Passage 31. Choose Optimism
If you expect something to turn out badly, it probably will.
Pessimism is seldom disappointed.
But the same principle also works in reverse.
If you expect good things to happen, they usually do!
There seems to be a natural cause-and-effect relationship between optimism and success.
Optimism and pessimism are both powerful forces,
and each of us must choose which we want to shape our outlook and our expectations.
There is enough good and bad in everyone’s life—ample sorrow and happiness,
sufficient joy and pain—to find a rational basis for either optimism or pessimism.
We can choose to laugh or cry, bless or curse.
It’s our decision: From which perspective do we want to view life?
Will we look up in hope or down in despair?

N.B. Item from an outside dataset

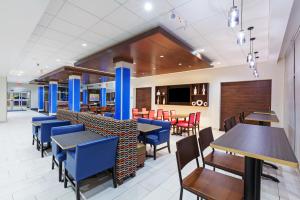 a dining room with blue tables and chairs at Holiday Inn Express & Suites Tulsa South - Woodland Hills, an IHG Hotel in Tulsa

I believe in the upward look.
I choose to highlight the positive and slip right over the negative.
I am an optimist by choice as much as by nature.
Sure, I know that sorrow exists.
I am in my 70s now, and I’ve lived through more than one crisis.
But when all is said and done, I find that the good in life far outweighs the bad.
An optimistic attitude is not a luxury; it’s a necessity.
The way you look at life will determine how you feel, how you perform,
and how well you will get along with other people.
Conversely, negative thoughts, attitudes,and expectations feed on themselves;
they become a self-fulfilling prophecy.
Pessimism creates a dismal place where no one wants to live.
The only thing more powerful than negativism is a positive affirmation,
a word of optimism and hope.
One of the things I am most thankful for is the fact that
I have grown up in a nation with a grand tradition of optimism.
When a whole culture adopts an upward look, incredible things can be accomplished.
When the world is seen as a hopeful, positive place,
people are empowered to attempt and to achieve.